§ WORK TO COMPLETE
In the material below, the lines from the one containing "Shop Authentic Tag" through the one containing "Schuletiketten mit Namen" are to be given again exactly, ends included, and no others.

§ DATA FOR THE TASK
<<<<

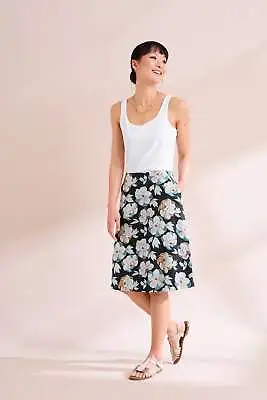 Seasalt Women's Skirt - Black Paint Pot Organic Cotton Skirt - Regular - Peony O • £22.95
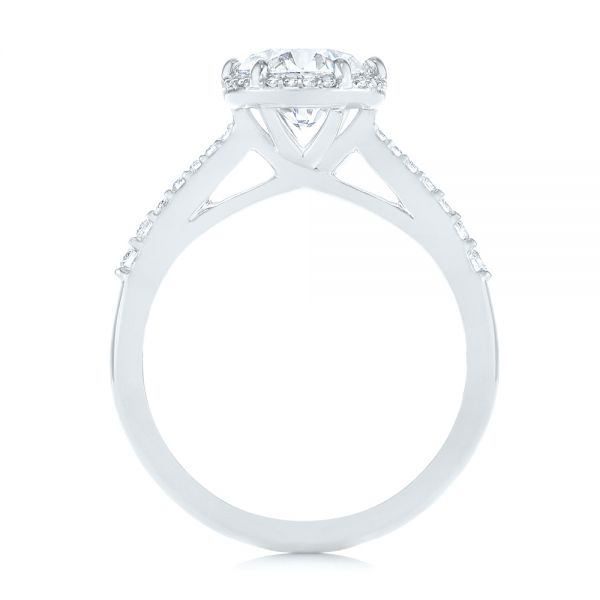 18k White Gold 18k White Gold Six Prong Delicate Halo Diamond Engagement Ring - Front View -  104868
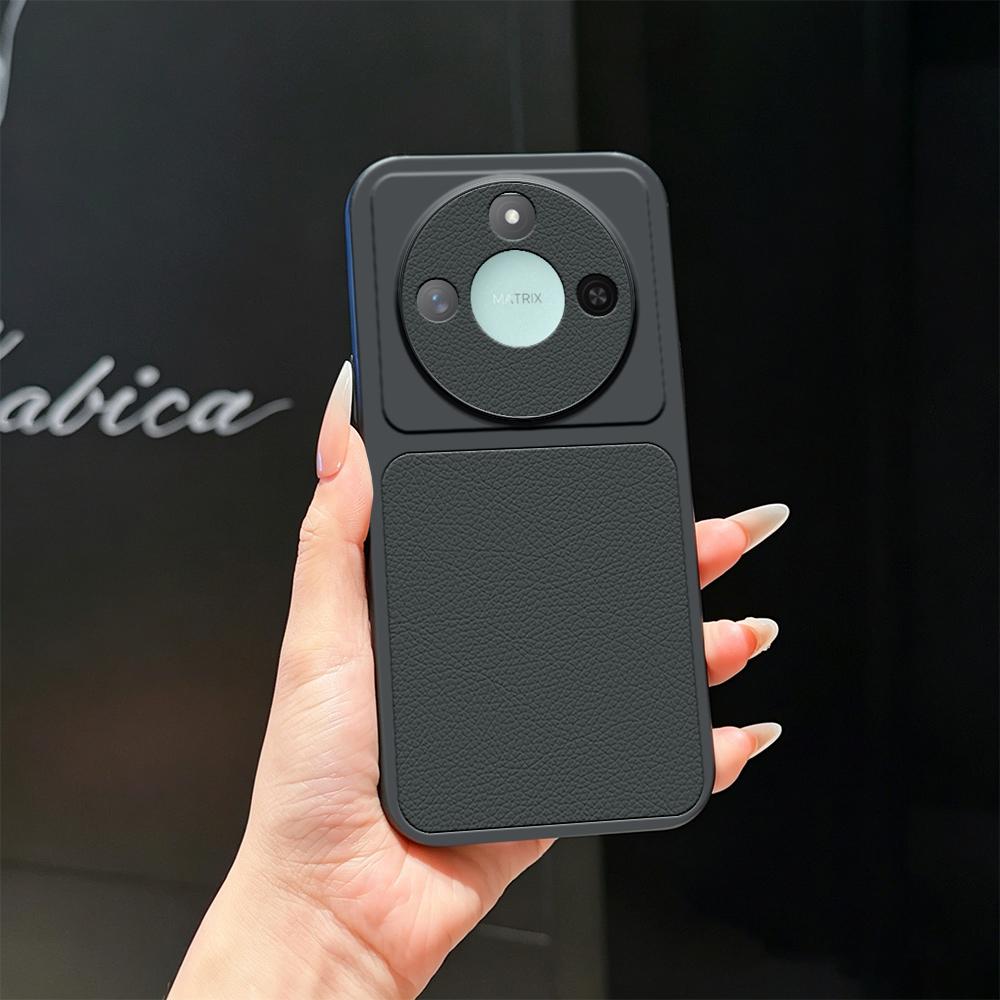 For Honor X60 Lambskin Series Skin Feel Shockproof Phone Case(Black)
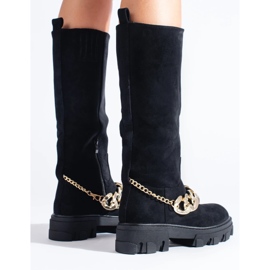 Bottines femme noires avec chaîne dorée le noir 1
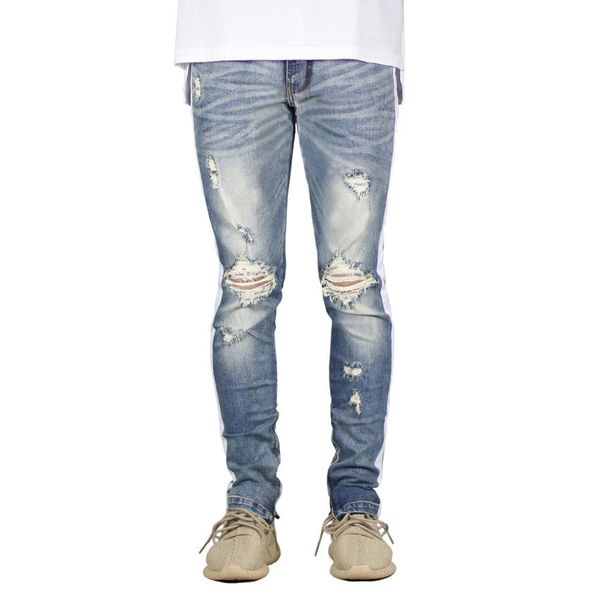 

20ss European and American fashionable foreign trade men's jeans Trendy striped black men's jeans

>>>>
<<<<

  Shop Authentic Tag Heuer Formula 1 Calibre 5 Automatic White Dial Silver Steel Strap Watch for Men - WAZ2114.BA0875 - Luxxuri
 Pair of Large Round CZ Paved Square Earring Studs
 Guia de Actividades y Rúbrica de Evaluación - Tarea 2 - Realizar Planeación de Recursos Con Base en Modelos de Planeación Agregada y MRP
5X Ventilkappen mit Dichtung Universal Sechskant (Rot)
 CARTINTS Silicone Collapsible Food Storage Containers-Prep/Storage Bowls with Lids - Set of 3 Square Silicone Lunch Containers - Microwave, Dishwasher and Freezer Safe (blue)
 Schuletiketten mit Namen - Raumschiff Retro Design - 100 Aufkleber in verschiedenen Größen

>>>>
<<<<

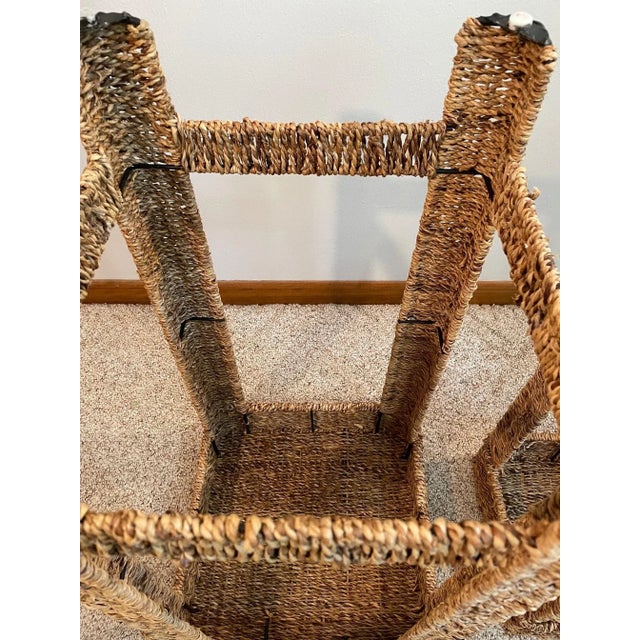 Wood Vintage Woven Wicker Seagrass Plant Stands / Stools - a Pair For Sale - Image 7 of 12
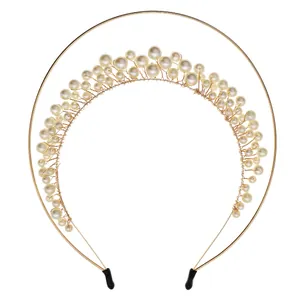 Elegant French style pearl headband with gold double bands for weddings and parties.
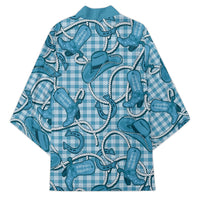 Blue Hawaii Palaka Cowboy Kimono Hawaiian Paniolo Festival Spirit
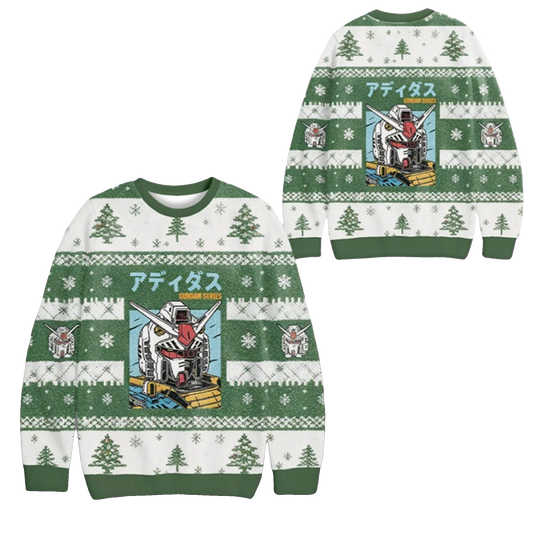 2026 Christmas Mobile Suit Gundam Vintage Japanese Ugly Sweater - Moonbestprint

>>>>

§ RESULT FOR THIS TASK
  Shop Authentic Tag Heuer Formula 1 Calibre 5 Automatic White Dial Silver Steel Strap Watch for Men - WAZ2114.BA0875 - Luxxuri
 Pair of Large Round CZ Paved Square Earring Studs
 Guia de Actividades y Rúbrica de Evaluación - Tarea 2 - Realizar Planeación de Recursos Con Base en Modelos de Planeación Agregada y MRP
5X Ventilkappen mit Dichtung Universal Sechskant (Rot)
 CARTINTS Silicone Collapsible Food Storage Containers-Prep/Storage Bowls with Lids - Set of 3 Square Silicone Lunch Containers - Microwave, Dishwasher and Freezer Safe (blue)
 Schuletiketten mit Namen - Raumschiff Retro Design - 100 Aufkleber in verschiedenen Größen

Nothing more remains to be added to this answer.